### The task
Where a line has odd spacing or punctuation, keep it; transcribe all the entries exactly.

### Dataset entries ###

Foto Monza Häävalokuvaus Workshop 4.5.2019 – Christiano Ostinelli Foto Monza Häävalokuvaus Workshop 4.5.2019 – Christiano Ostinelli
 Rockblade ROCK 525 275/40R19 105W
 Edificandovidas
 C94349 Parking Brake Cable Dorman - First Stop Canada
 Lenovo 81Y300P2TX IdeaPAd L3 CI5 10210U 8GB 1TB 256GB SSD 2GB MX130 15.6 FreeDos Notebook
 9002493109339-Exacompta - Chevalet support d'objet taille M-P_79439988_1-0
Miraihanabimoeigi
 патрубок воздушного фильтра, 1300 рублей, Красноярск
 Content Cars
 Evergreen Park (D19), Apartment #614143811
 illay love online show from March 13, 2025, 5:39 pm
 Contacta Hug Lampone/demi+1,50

###

### Response to this task
Foto Monza Häävalokuvaus Workshop 4.5.2019 – Christiano Ostinelli Foto Monza Häävalokuvaus Workshop 4.5.2019 – Christiano Ostinelli
 Rockblade ROCK 525 275/40R19 105W
 Edificandovidas
 C94349 Parking Brake Cable Dorman - First Stop Canada
 Lenovo 81Y300P2TX IdeaPAd L3 CI5 10210U 8GB 1TB 256GB SSD 2GB MX130 15.6 FreeDos Notebook
 9002493109339-Exacompta - Chevalet support d'objet taille M-P_79439988_1-0
Miraihanabimoeigi
 патрубок воздушного фильтра, 1300 рублей, Красноярск
 Content Cars
 Evergreen Park (D19), Apartment #614143811
 illay love online show from March 13, 2025, 5:39 pm
 Contacta Hug Lampone/demi+1,50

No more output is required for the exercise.